YOUR TASK: Please return exactly the lines below that run from the line with "Parcours d'obstacles gonflable" through the end of the listing, both included, but not the pictures.

INPUT DATA:
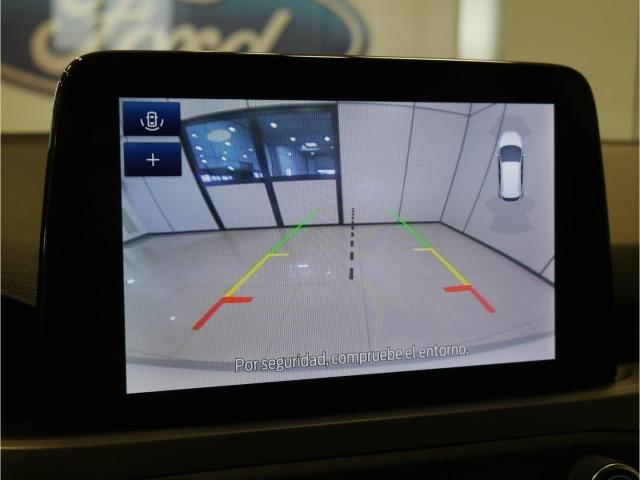 Ford Focus 1.0 Ecob. MHEV 114kW Active Style SIP AT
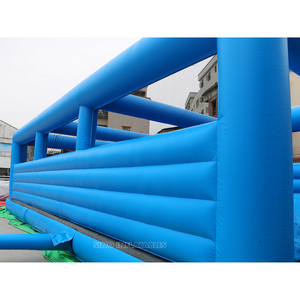 Parcours d'obstacles gonflable 5K pour adultes de colline attenante de 13x5 mètres pour les événements en plein air de Sino Inflatables - Product Image 6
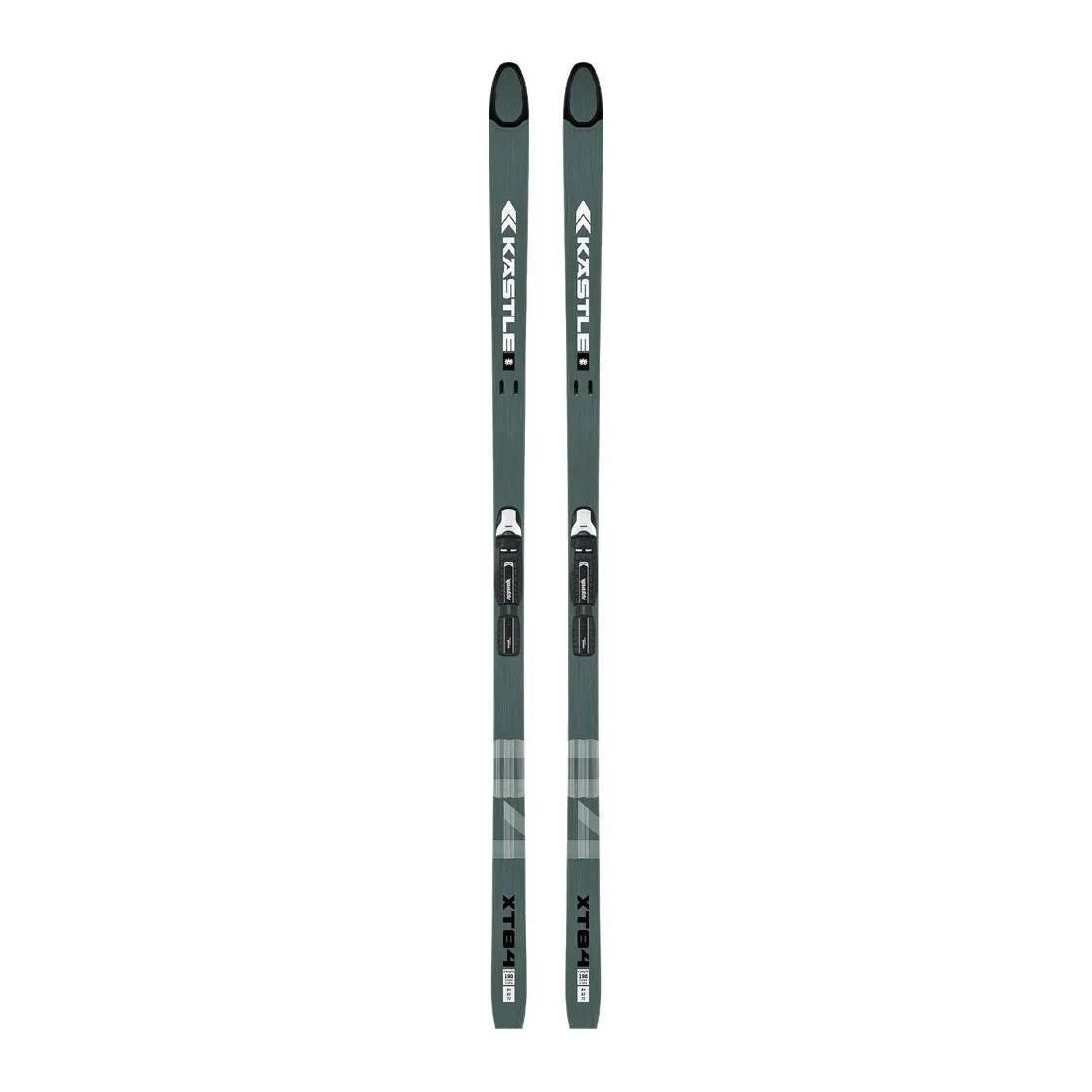 Kastle XT84 Crown X-Skin Nordic Ski Skis - Nordic Skis Kastle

YOUR RESPONSE:
 Parcours d'obstacles gonflable 5K pour adultes de colline attenante de 13x5 mètres pour les événements en plein air de Sino Inflatables - Product Image 6
 Kastle XT84 Crown X-Skin Nordic Ski Skis - Nordic Skis Kastle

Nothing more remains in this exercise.